(Short web captions)
********
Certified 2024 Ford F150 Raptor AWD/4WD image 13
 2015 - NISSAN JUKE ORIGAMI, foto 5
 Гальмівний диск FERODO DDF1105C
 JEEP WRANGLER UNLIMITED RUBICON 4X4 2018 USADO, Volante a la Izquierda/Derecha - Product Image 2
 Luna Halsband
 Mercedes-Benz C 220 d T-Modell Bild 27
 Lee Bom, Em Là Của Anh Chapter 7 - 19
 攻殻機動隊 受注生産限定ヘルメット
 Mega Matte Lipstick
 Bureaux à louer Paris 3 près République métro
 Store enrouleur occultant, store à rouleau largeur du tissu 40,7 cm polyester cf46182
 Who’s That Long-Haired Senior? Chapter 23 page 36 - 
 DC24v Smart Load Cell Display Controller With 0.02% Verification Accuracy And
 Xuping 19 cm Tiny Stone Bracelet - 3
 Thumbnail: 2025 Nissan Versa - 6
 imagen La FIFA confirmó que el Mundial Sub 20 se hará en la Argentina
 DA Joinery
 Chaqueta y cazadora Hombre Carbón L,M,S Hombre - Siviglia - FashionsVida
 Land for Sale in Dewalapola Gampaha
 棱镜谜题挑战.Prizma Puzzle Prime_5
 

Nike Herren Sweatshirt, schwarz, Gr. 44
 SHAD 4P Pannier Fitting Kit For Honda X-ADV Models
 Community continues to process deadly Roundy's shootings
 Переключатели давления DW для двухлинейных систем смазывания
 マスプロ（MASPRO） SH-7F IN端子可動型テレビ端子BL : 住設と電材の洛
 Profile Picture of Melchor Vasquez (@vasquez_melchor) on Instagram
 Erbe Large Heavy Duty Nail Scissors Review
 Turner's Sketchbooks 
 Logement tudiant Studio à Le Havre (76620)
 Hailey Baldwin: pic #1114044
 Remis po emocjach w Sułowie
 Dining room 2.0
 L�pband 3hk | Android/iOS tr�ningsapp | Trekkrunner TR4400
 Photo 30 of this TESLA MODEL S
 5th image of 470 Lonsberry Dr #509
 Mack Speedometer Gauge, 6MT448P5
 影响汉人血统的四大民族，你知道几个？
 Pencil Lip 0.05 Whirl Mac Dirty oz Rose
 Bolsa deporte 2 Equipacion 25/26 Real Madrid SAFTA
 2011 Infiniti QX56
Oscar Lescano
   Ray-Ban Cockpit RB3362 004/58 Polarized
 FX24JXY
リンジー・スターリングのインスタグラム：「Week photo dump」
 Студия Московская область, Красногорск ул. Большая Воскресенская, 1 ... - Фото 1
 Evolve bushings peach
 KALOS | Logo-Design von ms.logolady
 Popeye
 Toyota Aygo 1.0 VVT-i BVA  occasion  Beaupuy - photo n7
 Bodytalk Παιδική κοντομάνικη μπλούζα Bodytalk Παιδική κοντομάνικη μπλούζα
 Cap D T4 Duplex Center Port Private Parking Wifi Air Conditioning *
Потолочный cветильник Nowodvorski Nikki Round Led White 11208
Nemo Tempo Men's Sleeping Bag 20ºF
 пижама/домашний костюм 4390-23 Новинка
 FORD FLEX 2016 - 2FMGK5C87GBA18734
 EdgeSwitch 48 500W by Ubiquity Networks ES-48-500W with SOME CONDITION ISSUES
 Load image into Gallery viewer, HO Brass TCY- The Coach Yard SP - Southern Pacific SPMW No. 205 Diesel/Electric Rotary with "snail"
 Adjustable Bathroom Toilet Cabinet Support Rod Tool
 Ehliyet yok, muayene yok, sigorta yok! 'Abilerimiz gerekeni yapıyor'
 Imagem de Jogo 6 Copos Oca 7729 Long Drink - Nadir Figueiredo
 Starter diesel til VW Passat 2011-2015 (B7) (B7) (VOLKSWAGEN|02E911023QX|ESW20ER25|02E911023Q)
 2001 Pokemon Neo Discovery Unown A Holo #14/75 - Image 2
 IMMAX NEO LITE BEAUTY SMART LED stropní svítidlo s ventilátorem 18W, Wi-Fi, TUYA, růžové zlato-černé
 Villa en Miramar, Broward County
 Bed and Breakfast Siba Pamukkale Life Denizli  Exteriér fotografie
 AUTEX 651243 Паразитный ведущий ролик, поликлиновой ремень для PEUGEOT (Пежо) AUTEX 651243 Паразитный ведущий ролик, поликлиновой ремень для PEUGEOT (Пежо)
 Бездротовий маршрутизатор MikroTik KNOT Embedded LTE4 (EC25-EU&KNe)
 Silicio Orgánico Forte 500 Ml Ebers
********
__Description of the task__
Nothing is to be left out, and every entry is to be transcribed exactly.

__Answer below__
Certified 2024 Ford F150 Raptor AWD/4WD image 13
 2015 - NISSAN JUKE ORIGAMI, foto 5
 Гальмівний диск FERODO DDF1105C
 JEEP WRANGLER UNLIMITED RUBICON 4X4 2018 USADO, Volante a la Izquierda/Derecha - Product Image 2
 Luna Halsband
 Mercedes-Benz C 220 d T-Modell Bild 27
 Lee Bom, Em Là Của Anh Chapter 7 - 19
 攻殻機動隊 受注生産限定ヘルメット
 Mega Matte Lipstick
 Bureaux à louer Paris 3 près République métro
 Store enrouleur occultant, store à rouleau largeur du tissu 40,7 cm polyester cf46182
 Who’s That Long-Haired Senior? Chapter 23 page 36 - 
 DC24v Smart Load Cell Display Controller With 0.02% Verification Accuracy And
 Xuping 19 cm Tiny Stone Bracelet - 3
 Thumbnail: 2025 Nissan Versa - 6
 imagen La FIFA confirmó que el Mundial Sub 20 se hará en la Argentina
 DA Joinery
 Chaqueta y cazadora Hombre Carbón L,M,S Hombre - Siviglia - FashionsVida
 Land for Sale in Dewalapola Gampaha
 棱镜谜题挑战.Prizma Puzzle Prime_5
 

Nike Herren Sweatshirt, schwarz, Gr. 44
 SHAD 4P Pannier Fitting Kit For Honda X-ADV Models
 Community continues to process deadly Roundy's shootings
 Переключатели давления DW для двухлинейных систем смазывания
 マスプロ（MASPRO） SH-7F IN端子可動型テレビ端子BL : 住設と電材の洛
 Profile Picture of Melchor Vasquez (@vasquez_melchor) on Instagram
 Erbe Large Heavy Duty Nail Scissors Review
 Turner's Sketchbooks 
 Logement tudiant Studio à Le Havre (76620)
 Hailey Baldwin: pic #1114044
 Remis po emocjach w Sułowie
 Dining room 2.0
 L�pband 3hk | Android/iOS tr�ningsapp | Trekkrunner TR4400
 Photo 30 of this TESLA MODEL S
 5th image of 470 Lonsberry Dr #509
 Mack Speedometer Gauge, 6MT448P5
 影响汉人血统的四大民族，你知道几个？
 Pencil Lip 0.05 Whirl Mac Dirty oz Rose
 Bolsa deporte 2 Equipacion 25/26 Real Madrid SAFTA
 2011 Infiniti QX56
Oscar Lescano
   Ray-Ban Cockpit RB3362 004/58 Polarized
 FX24JXY
リンジー・スターリングのインスタグラム：「Week photo dump」
 Студия Московская область, Красногорск ул. Большая Воскресенская, 1 ... - Фото 1
 Evolve bushings peach
 KALOS | Logo-Design von ms.logolady
 Popeye
 Toyota Aygo 1.0 VVT-i BVA  occasion  Beaupuy - photo n7
 Bodytalk Παιδική κοντομάνικη μπλούζα Bodytalk Παιδική κοντομάνικη μπλούζα
 Cap D T4 Duplex Center Port Private Parking Wifi Air Conditioning *
Потолочный cветильник Nowodvorski Nikki Round Led White 11208
Nemo Tempo Men's Sleeping Bag 20ºF
 пижама/домашний костюм 4390-23 Новинка
 FORD FLEX 2016 - 2FMGK5C87GBA18734
 EdgeSwitch 48 500W by Ubiquity Networks ES-48-500W with SOME CONDITION ISSUES
 Load image into Gallery viewer, HO Brass TCY- The Coach Yard SP - Southern Pacific SPMW No. 205 Diesel/Electric Rotary with "snail"
 Adjustable Bathroom Toilet Cabinet Support Rod Tool
 Ehliyet yok, muayene yok, sigorta yok! 'Abilerimiz gerekeni yapıyor'
 Imagem de Jogo 6 Copos Oca 7729 Long Drink - Nadir Figueiredo
 Starter diesel til VW Passat 2011-2015 (B7) (B7) (VOLKSWAGEN|02E911023QX|ESW20ER25|02E911023Q)
 2001 Pokemon Neo Discovery Unown A Holo #14/75 - Image 2
 IMMAX NEO LITE BEAUTY SMART LED stropní svítidlo s ventilátorem 18W, Wi-Fi, TUYA, růžové zlato-černé
 Villa en Miramar, Broward County
 Bed and Breakfast Siba Pamukkale Life Denizli  Exteriér fotografie
 AUTEX 651243 Паразитный ведущий ролик, поликлиновой ремень для PEUGEOT (Пежо) AUTEX 651243 Паразитный ведущий ролик, поликлиновой ремень для PEUGEOT (Пежо)
 Бездротовий маршрутизатор MikroTik KNOT Embedded LTE4 (EC25-EU&KNe)
 Silicio Orgánico Forte 500 Ml Ebers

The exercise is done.